● **What is required**
Copy out the listing in full, exactly as written, but not its pictures.

● **Supplied material**
───
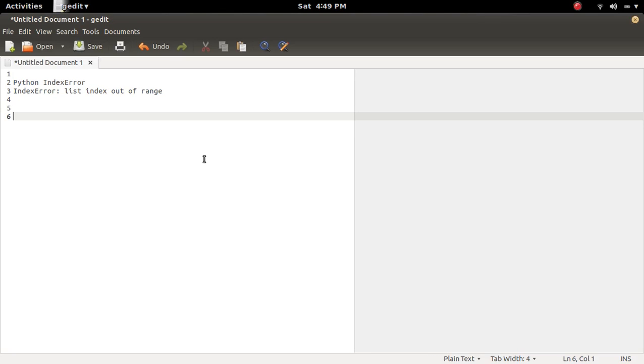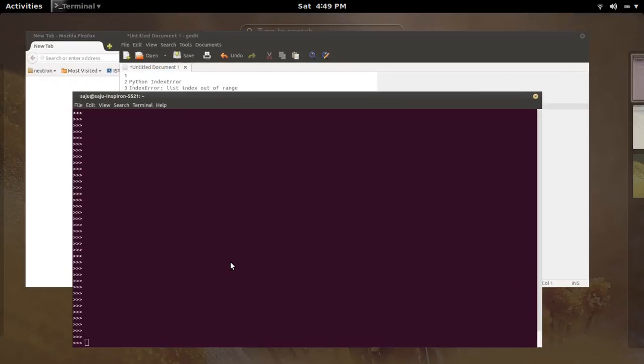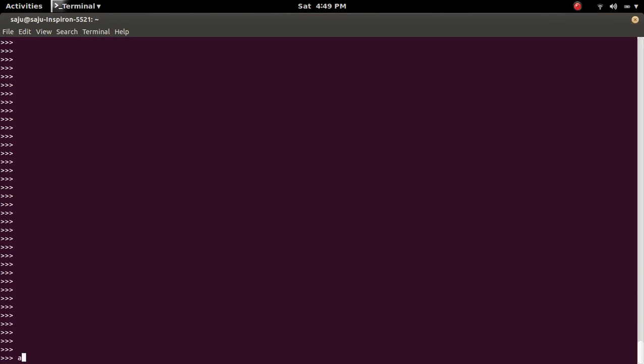What is index error? List index out of range. Let me create a list. A is equal to 1, 2.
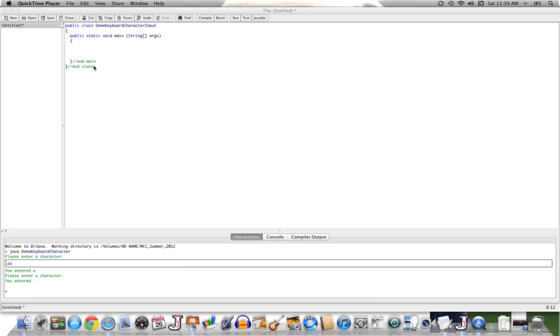Hello, this is Professor Brown Cederberg, and we're going to look at getting a single character input through the keyboard by the user.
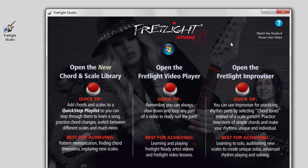The Fretlet Improviser software is the best tool for improvising lead guitar over a variety of progressions, as well as auditioning new scales and new chord inversions. So let's get started.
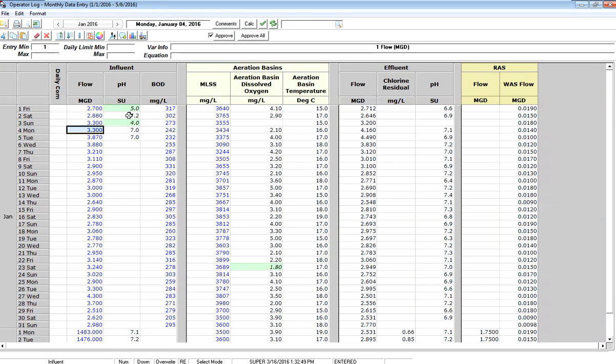This is all there is to monthly data entry, the basics. And other videos will take you through some advanced troubleshooting using monthly data entry. Thank you.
───
● **Answer section**
What is index error? List index out of range. Let me create a list. A is equal to 1, 2.
Hello, this is Professor Brown Cederberg, and we're going to look at getting a single character input through the keyboard by the user.
The Fretlet Improviser software is the best tool for improvising lead guitar over a variety of progressions, as well as auditioning new scales and new chord inversions. So let's get started.
This is all there is to monthly data entry, the basics. And other videos will take you through some advanced troubleshooting using monthly data entry. Thank you.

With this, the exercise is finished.